§ **Instructions to follow**
An exact copy of all the data is required, with pictures left out.

§ **Data for processing**
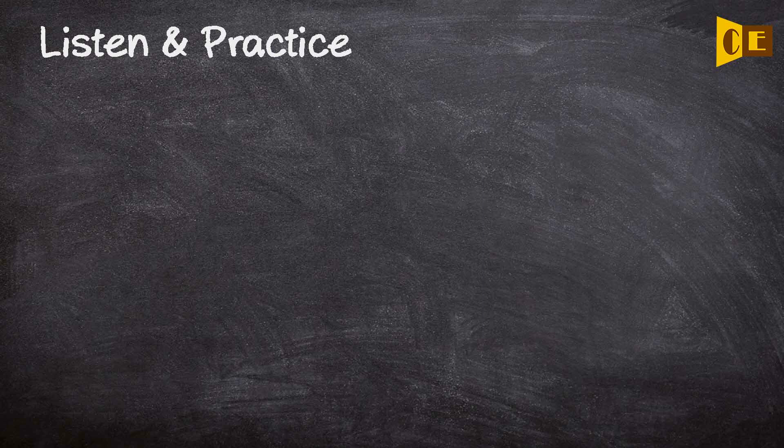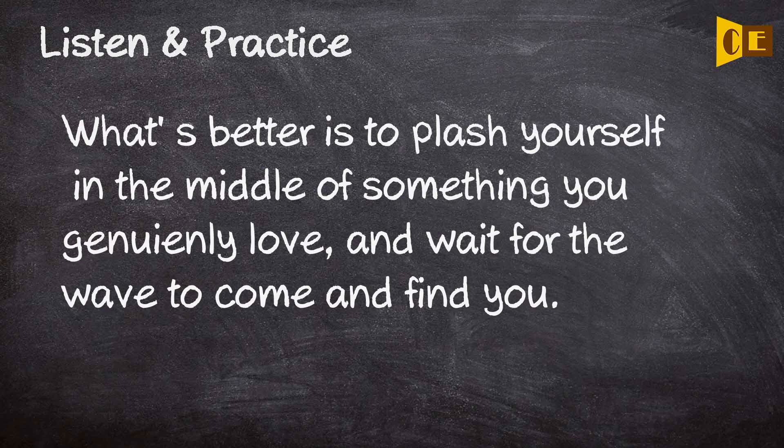What is better is to plash yourself in the middle of something you genuinely love, and wait for the wave to come and find you.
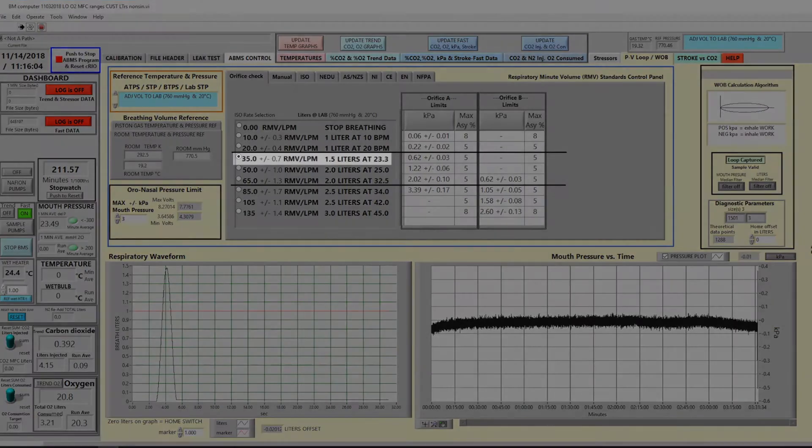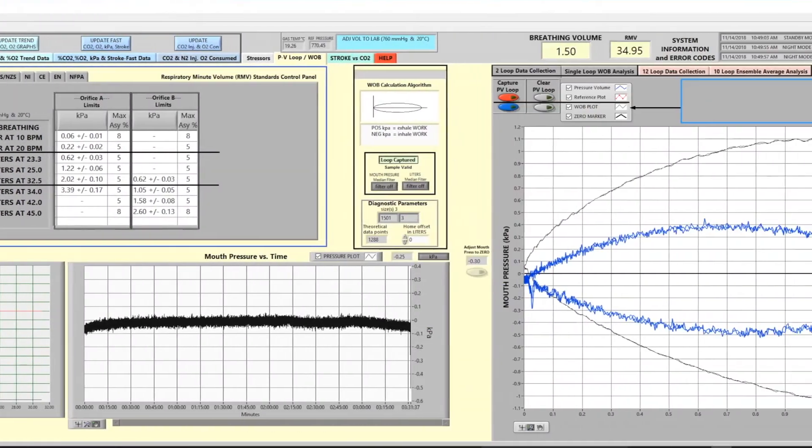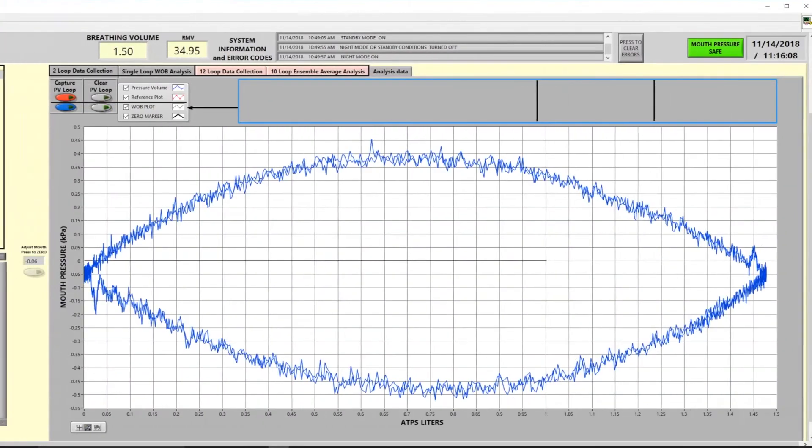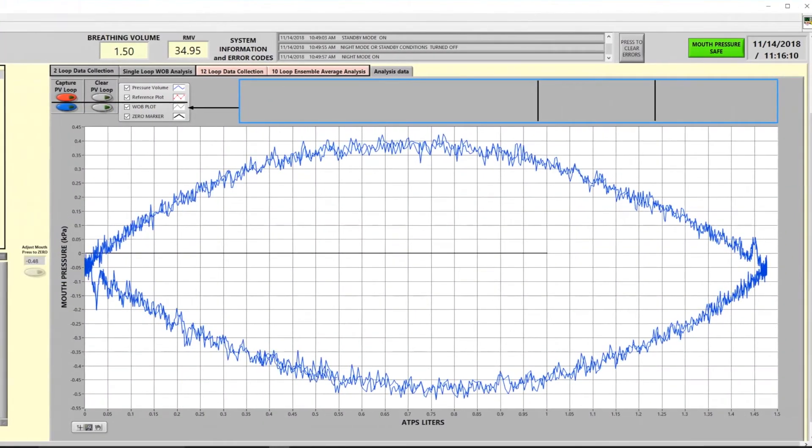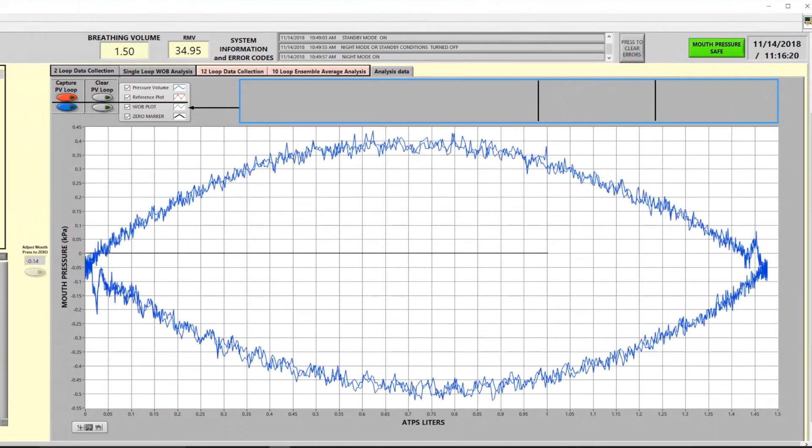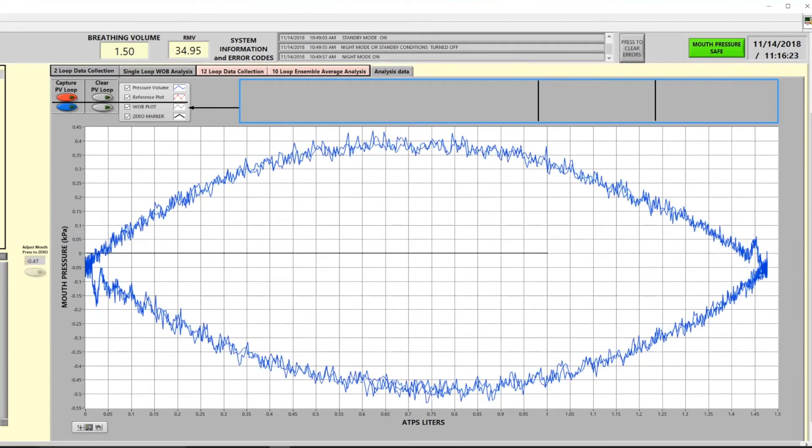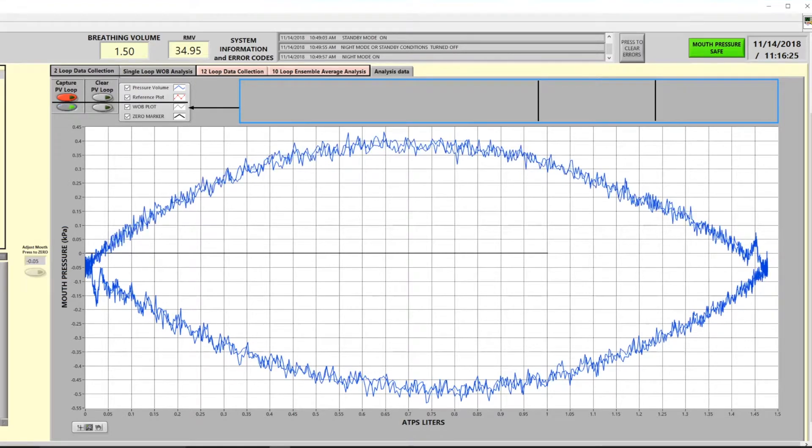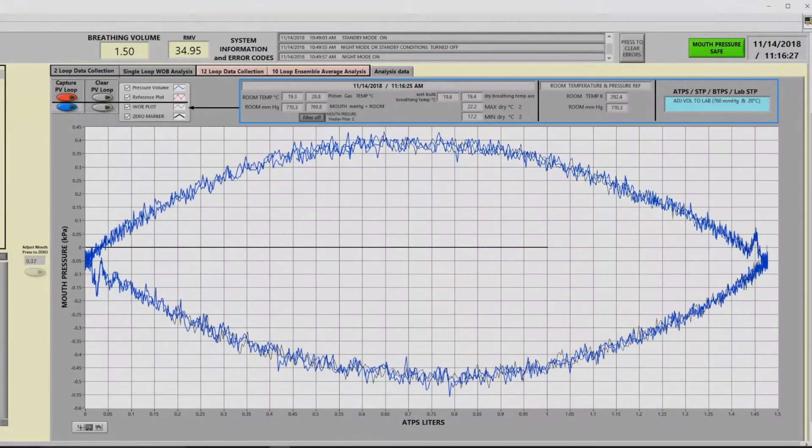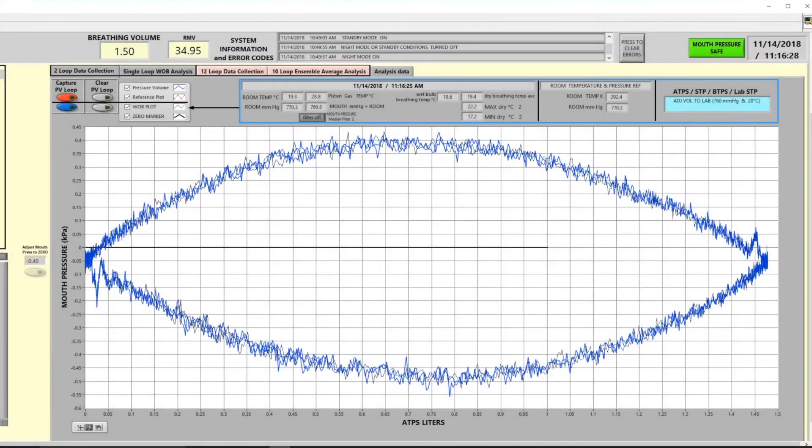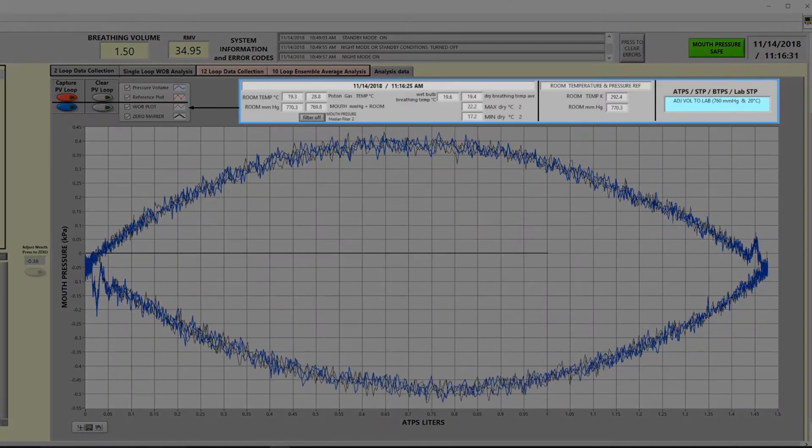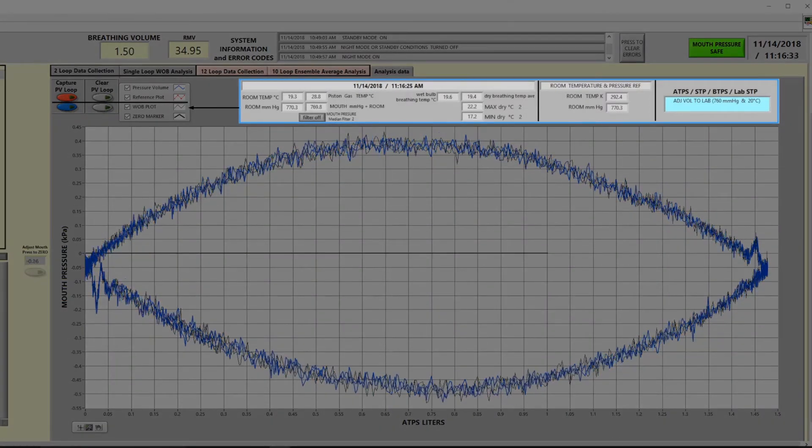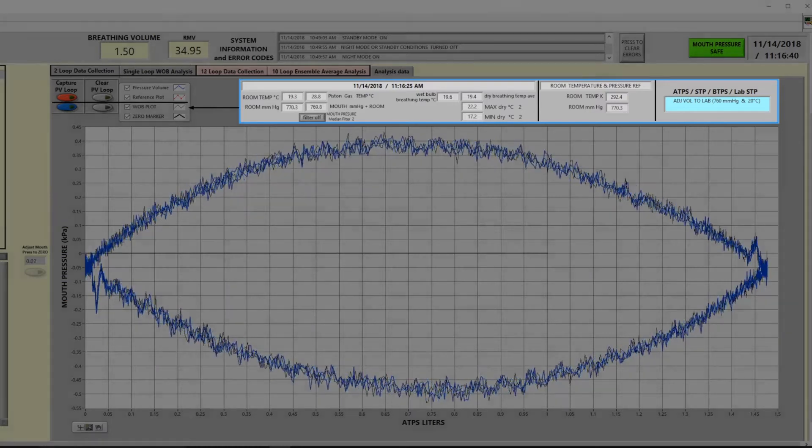We'll select the 35 breaths per minute rate and here on the screen, you can see the pressure loop being traced. The pressure goes negative on inhale and positive on exhale. In order to capture the data, we press the button on the screen and the areas are populated at the top showing the room temperature, barometric pressure, and the other parameters around which the data was collected.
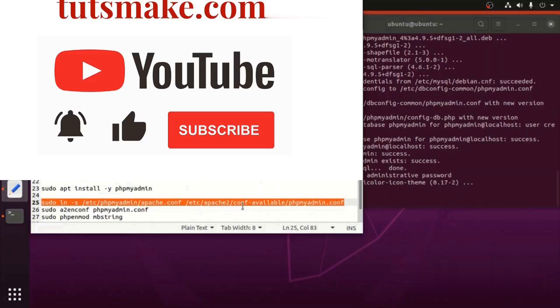To configure the Apache2 web server for phpMyAdmin, type this command on the terminal.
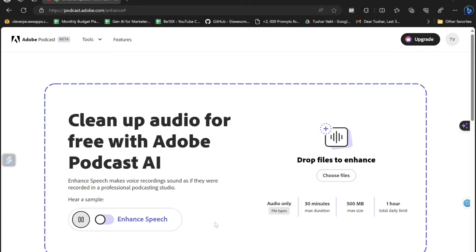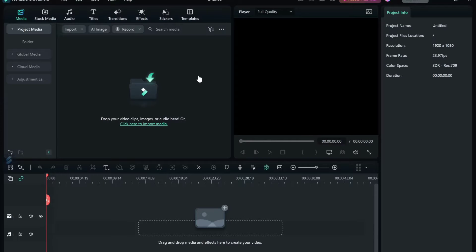'I am in a conference room with the window open, and it's pretty echoey in here too — not the best place to record audio. All of the background noise and echo is gone, as if I recorded this in a professional studio.' Did you notice that? This Enhance Speech button — all you have to do is just come to this platform, click on Choose Files, and upload the audio.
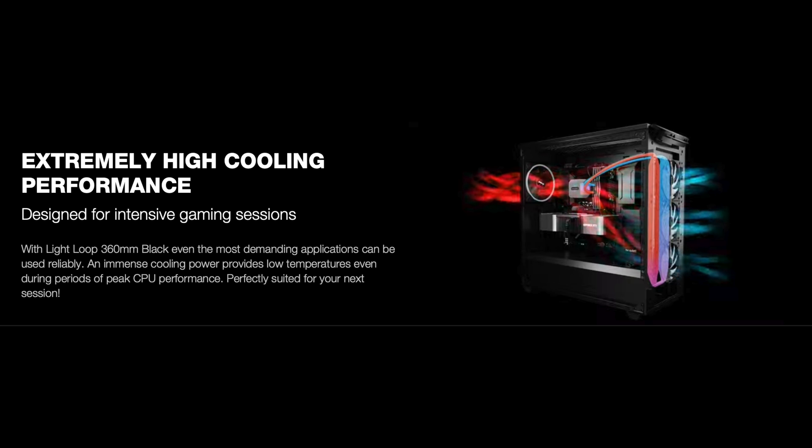Imagine a 5090 shooting all that hot air inside your case. That's going to be 575 watts of just an intense amount of heat and an air cooler will not be able to handle that nearly as well as something like an AIO.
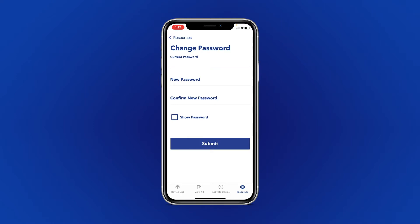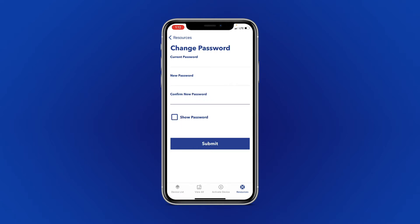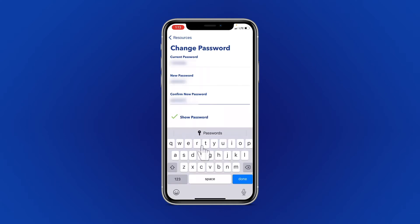You will need to enter your current password, and then enter the new password you would like. Confirm your password. If you would like to confirm everything has been entered correctly, select Show Password.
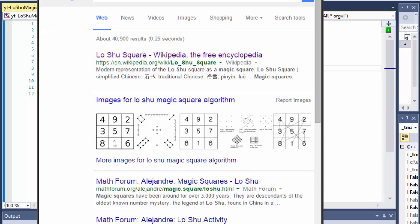Greetings fellow programmers! This is Pavel and I'm going to be doing a C++ exercise where we'll be creating a Lo Shu magic square. If you happen to hear some screaming and shooting in the background, that's just my son playing his Xbox, so don't pay attention to that — pay attention to the C++, that's why you're here, right?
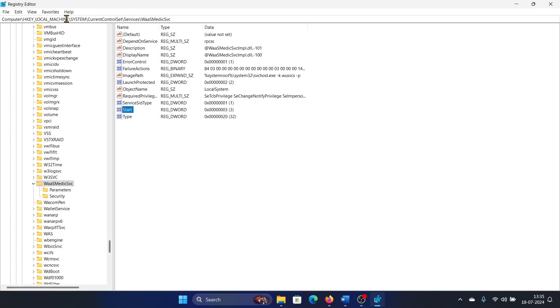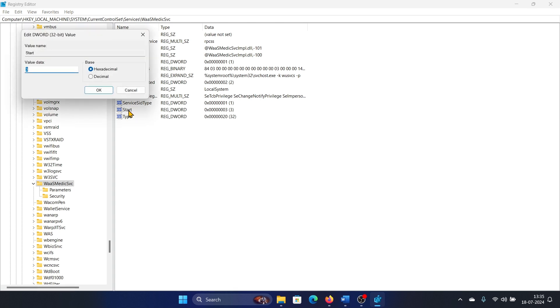HKEY_LOCAL_MACHINE, SYSTEM, CurrentControlSet, Services, WaaSMedicSVC. You'll find Start here. Double click on it, change the value to 4, click on OK to save the settings.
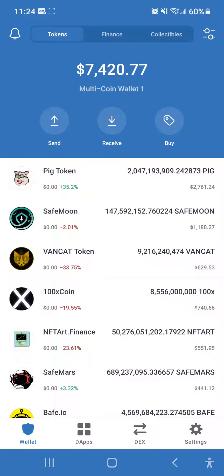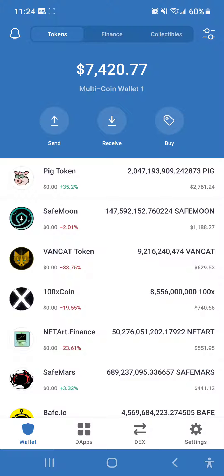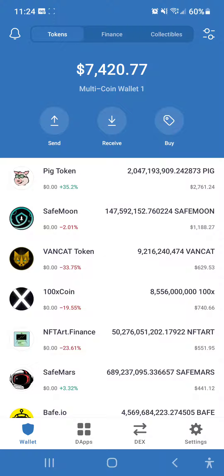So lately Binance Smart Chain has become very popular, especially with all these new tokens releasing every single day. Transactions seem to be taking longer and sometimes not even going through or failing altogether. If you're having this issue, then you might want to raise the gas price of your transaction before you send it.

§ **Solved exercise**
What is better is to plash yourself in the middle of something you genuinely love, and wait for the wave to come and find you.
We'll select the 35 breaths per minute rate and here on the screen, you can see the pressure loop being traced. The pressure goes negative on inhale and positive on exhale. In order to capture the data, we press the button on the screen and the areas are populated at the top showing the room temperature, barometric pressure, and the other parameters around which the data was collected.
To configure the Apache2 web server for phpMyAdmin, type this command on the terminal.
'I am in a conference room with the window open, and it's pretty echoey in here too — not the best place to record audio. All of the background noise and echo is gone, as if I recorded this in a professional studio.' Did you notice that? This Enhance Speech button — all you have to do is just come to this platform, click on Choose Files, and upload the audio.
Imagine a 5090 shooting all that hot air inside your case. That's going to be 575 watts of just an intense amount of heat and an air cooler will not be able to handle that nearly as well as something like an AIO.
You will need to enter your current password, and then enter the new password you would like. Confirm your password. If you would like to confirm everything has been entered correctly, select Show Password.
Greetings fellow programmers! This is Pavel and I'm going to be doing a C++ exercise where we'll be creating a Lo Shu magic square. If you happen to hear some screaming and shooting in the background, that's just my son playing his Xbox, so don't pay attention to that — pay attention to the C++, that's why you're here, right?
HKEY_LOCAL_MACHINE, SYSTEM, CurrentControlSet, Services, WaaSMedicSVC. You'll find Start here. Double click on it, change the value to 4, click on OK to save the settings.
So lately Binance Smart Chain has become very popular, especially with all these new tokens releasing every single day. Transactions seem to be taking longer and sometimes not even going through or failing altogether. If you're having this issue, then you might want to raise the gas price of your transaction before you send it.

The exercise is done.